▸ Material for this task
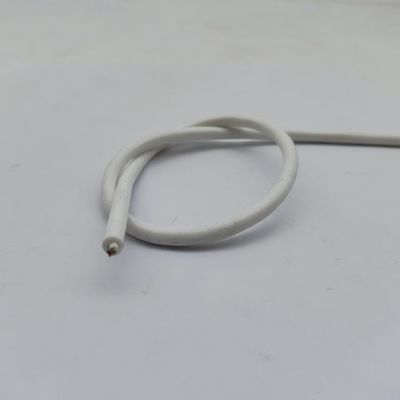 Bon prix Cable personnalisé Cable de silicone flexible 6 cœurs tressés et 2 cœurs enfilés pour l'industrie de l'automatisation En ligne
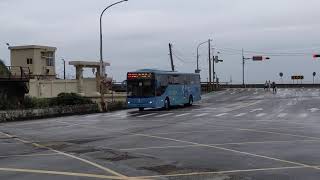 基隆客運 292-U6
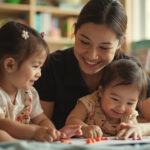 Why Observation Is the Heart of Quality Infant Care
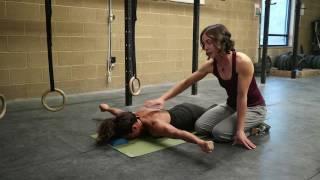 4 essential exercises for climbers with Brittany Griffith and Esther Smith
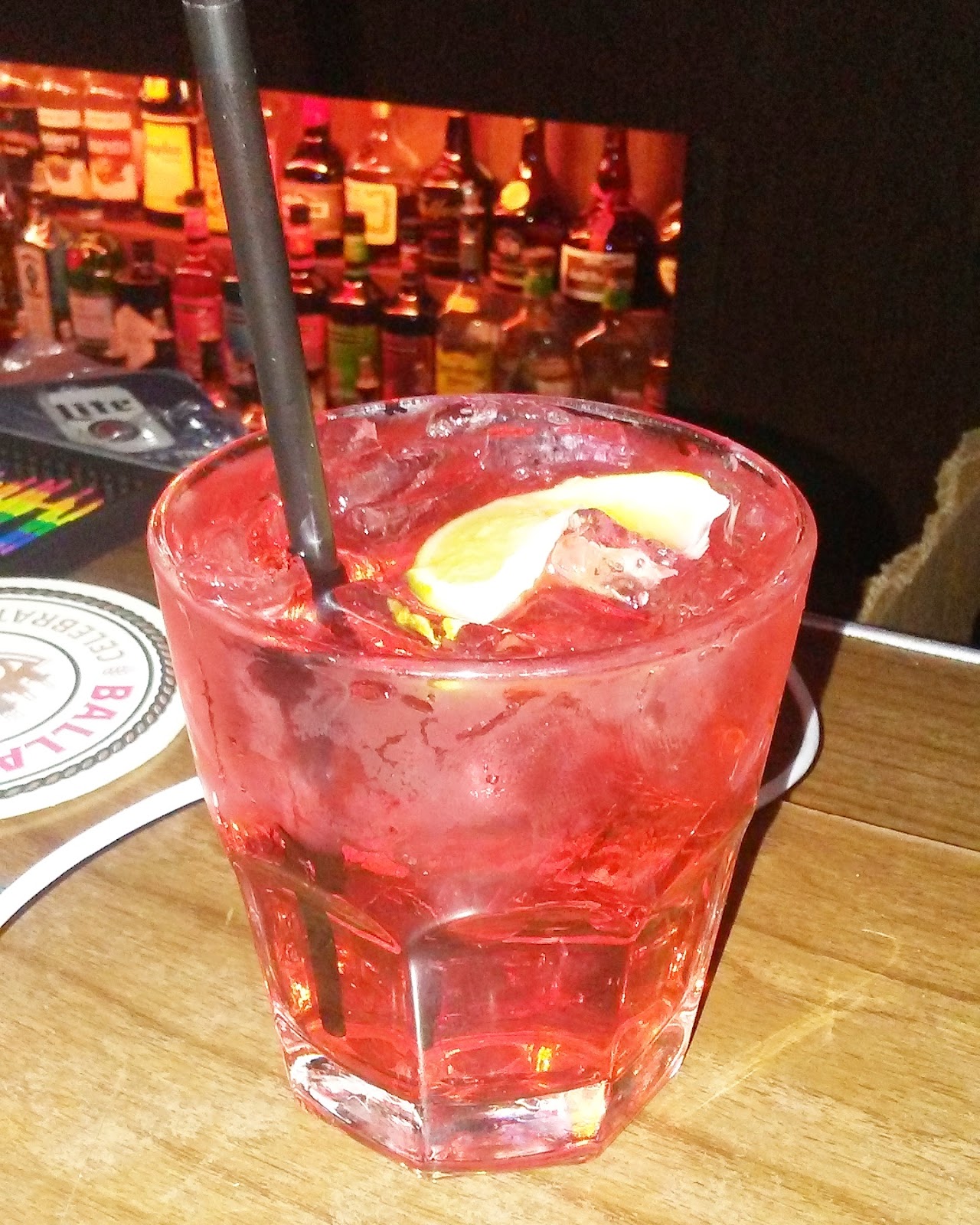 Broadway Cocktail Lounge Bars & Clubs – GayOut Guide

▸ Your assignment
A word-for-word retyping of every record is required, without the pictures.

▸ Exercise solution
 Bon prix Cable personnalisé Cable de silicone flexible 6 cœurs tressés et 2 cœurs enfilés pour l'industrie de l'automatisation En ligne
 基隆客運 292-U6
 Why Observation Is the Heart of Quality Infant Care
 4 essential exercises for climbers with Brittany Griffith and Esther Smith
 Broadway Cocktail Lounge Bars & Clubs – GayOut Guide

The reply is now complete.